I have a neighbor who lives a few houses down. Unlike most stay-at-home moms, she seems to have a great disdain for working mothers. When I used to wait at the bus stop in the morning with my son, she would make comments about her parenting skills since she was a stay-at-home mom. I recall one time she made a big deal about 'as a good parent, she could never leave her children in the care of others'. She loves to talk about her stuff, and sometimes others.

Anyway, this past week, for some reason she just felt the need to begin talking about what I think is an upcoming party. Since I am across the street, she has to talk extremely loud - which she does - for me and my neighbor to hear. She began by saying something about her list, and how the other two mothers who were at the bus stop were on it. I was walking back into my garage to put something away, when she yelled, "but not that one over there on the corner". I stopped, turned around, came back out of the garage and just looked at her with an expression of 'what is wrong with you?' My other neighbor's house is not on corner, so that left me as the obvious person she had been speaking about. At that same moment it dawned on me that the other comments she had practically yelled in the past were about me and my kids. Now mind you this happens before the kids are picked up. So the kids can hear everything, including my son. Lucky for me he is oblivious to her as are all the other kids, except maybe her children.
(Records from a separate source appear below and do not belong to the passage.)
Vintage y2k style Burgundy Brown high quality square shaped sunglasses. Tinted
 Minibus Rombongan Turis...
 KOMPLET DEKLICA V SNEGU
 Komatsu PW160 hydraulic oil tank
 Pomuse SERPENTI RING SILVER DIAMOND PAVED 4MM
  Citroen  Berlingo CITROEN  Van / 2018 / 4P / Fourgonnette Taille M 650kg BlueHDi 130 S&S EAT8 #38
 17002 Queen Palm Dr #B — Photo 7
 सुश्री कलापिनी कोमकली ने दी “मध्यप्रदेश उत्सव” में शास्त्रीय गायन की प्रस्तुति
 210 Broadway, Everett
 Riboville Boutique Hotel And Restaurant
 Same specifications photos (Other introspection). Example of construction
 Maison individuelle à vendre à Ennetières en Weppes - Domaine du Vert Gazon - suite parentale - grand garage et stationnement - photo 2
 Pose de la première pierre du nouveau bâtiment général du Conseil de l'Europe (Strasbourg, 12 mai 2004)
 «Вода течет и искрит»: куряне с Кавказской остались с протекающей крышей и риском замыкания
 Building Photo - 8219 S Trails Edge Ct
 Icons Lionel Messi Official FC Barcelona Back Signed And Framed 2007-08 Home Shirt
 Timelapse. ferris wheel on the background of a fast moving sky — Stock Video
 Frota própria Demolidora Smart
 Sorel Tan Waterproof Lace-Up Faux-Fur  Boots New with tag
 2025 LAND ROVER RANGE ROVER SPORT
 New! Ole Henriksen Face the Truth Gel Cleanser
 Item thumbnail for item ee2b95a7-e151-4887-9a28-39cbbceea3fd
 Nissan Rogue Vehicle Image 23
Later that morning I drove my daughter to her day care center on the way to work. As I was pulling in, I just started to laugh. I was giggling thinking about the pre-high school behavior this neighbor exhibited. Even high school students and some middle school students are past the need for such behavior. I mentioned what happened to my other half, and he pointed out to me that there was an article the other day in the paper about competition between stay-at-home moms and working mothers. Now I am not one who competes against others, I don't need others to 'lose' so I can feel I have won. I have my own goals and I compete against my own internal standards. I prefer heart felt Thank You's to any material token of achievement.

My other half commented that such juvenile behavior was mentioned in the article, as something that tends to happen to some stay-at-home moms who are actually jealous of their working counterparts. I believe that happens to a very small minority. I don't know, if she is jealous per se, since she has no idea of the accolades and respect I have earned from my coworkers, customers and competitors. If she did know, then I could see the jealousy angle. But I really think deep down inside she is very unhappy about her life and for some reason can only feel good about herself by tearing others down. I guess for her, she only feels she wins if she puts someone else down. I hope for her children's sake she recognizes this as a destructive behavior and corrects it.

Competition is not healthy when it requires that you tear someone else
down just to feel good about yourself.